60. The method of claim 59 wherein the mixing is accomplished by
mechanical agitation.
61. The method of claim 59 wherein the mixing is accomplished by
ultrasonification.
62. The method of claim 59 wherein the mixing is accomplished by
high speed injection of the gas into the aqueous liposome
suspension.
63. A kit for the preparation of a formulation of any one of claims
1-45 comprising: a container comprising an aqueous solution wherein
the aqueous solution comprises at least one surfactant and
liquid-filled liposomes; and a means for introducing a gas that has
a solubility of less than about 1.0% (v/v) in water at 25.degree.
C. and 1 atm into the aqueous solution.
64. The kit of claim 63 wherein the container comprises a head
space.
65. The kit of claim 63 wherein the head space comprises at least
one inert gas having a solubility of less than about 1.0%(v/v) in
water at 25.degree.
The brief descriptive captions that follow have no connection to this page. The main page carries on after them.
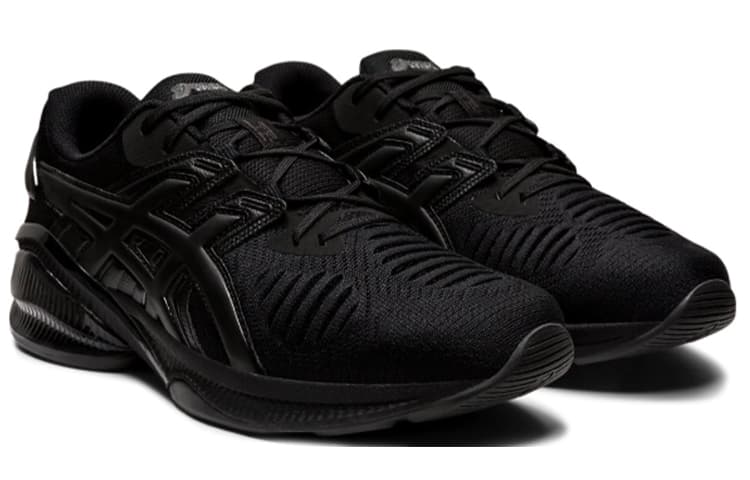 Asics Gel Quantum Infinity Jin 'Black' 6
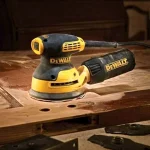 Lijadora Excéntrica 5" 275W DEWALT DWE6421-B2 - Imagen 4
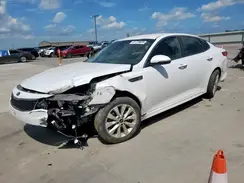 5XXGT4L36JG256761 2018 KIA OPTIMA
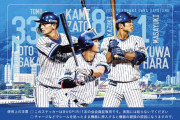ＤｅＮＡ三浦監督「左翼佐野恵太、右翼オースティン。中堅は守備範囲が広くて走れる選手」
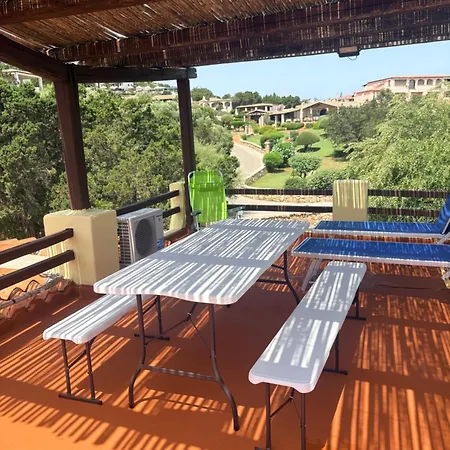 Almar Portocervo *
C. and 1 atm pressure.
66. The kit of claim 63 wherein the inert gas is a perfluorcarbon
gas.
67. The kit of claim 63 wherein the inert gas is a perfluoroether
gas.
68. The kit of claim 63 wherein the inert gas is a noble gas.
69. A formulation comprising a gas microsphere liposome composite
suspended in a medium, wherein the gas microsphere liposome
composite comprises: a gas-filled microsphere; at least one of a
lipid and a surfactant adsorbed onto the surface of the gas-filled
microsphere; and liquid-filled liposomes attached to the lipid or
surfactant; for use in medical therapy or diagnosis.
70. The use of a formulation comprising a gas microsphere liposome
composite suspended in a medium, wherein the gas microsphere
liposome composite comprises: a gas-filled microsphere; at least
one of a lipid and a surfactant adsorbed onto the surface of the
gas-filled microsphere; and liquid-filled liposomes attached to the
lipid or surfactant; for the manufacture of a medicament for
treating heart disease, inflammation, infection, cancer or
thromboembolic disease in a patient in need of such treatment.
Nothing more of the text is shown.